Policy changes could up property supply

The supply of properties for sale dropped by 6 per cent year-on-year across Aotearoa, with Wellington recording the largest decline of 26 per cent compared to October last year.

As the new government takes shape, Mr Lloyd anticipates that upcoming policy changes could incentivise more Kiwi to put their homes on the market.

“With interest rates on the rise, some property owners who bought in recent years may be considering selling, particularly if the bright line test is reduced," said Mr. Lloyd.

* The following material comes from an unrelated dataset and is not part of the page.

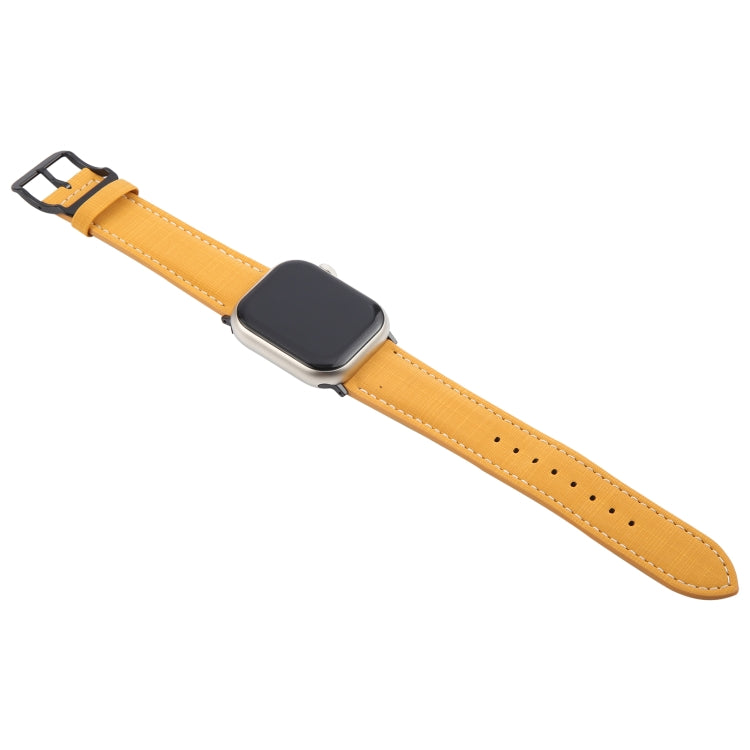 For Apple Watch 46mm / 49mm / 45mm / 44mm Plaid Buckle Microfiber Leather Watch Band(Yellow) by bashfashion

“National's campaign promise to lower the capital gains tax for properties held for two years or less, coupled with ACT and NZ First's outright opposition to the tax, suggests that the property market might see a significant shakeup now the new cabinet is finalised,” added Mr Lloyd.

Regional demand heats up ahead of Summer

Property demand in Aotearoa surged by 7 per cent, with several regional areas experiencing a remarkable double-digit percentage increase compared to September.

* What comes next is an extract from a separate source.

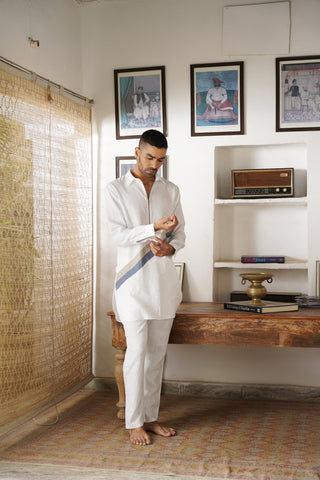 Wahina White Linen Pathani Set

Gisborne led the way with a substantial 16 per cent rise in listing views, closely followed by Hawke’s Bay, which saw a 14 per cent jump.

“While Auckland and Christchurch properties observed a slight uptick in listing views, it seems that Kiwi are keen to trade the bustling city life for the serene coastal towns of the east coast of the North Island. With consistent sunshine hours and beautiful beaches it’s no surprise that these areas are becoming increasingly popular summer destinations for Kiwi,” said Mr Lloyd.

Additionally, Marlborough and Wellington both recorded a significant 12 per cent increase in listing views in October when compared with September.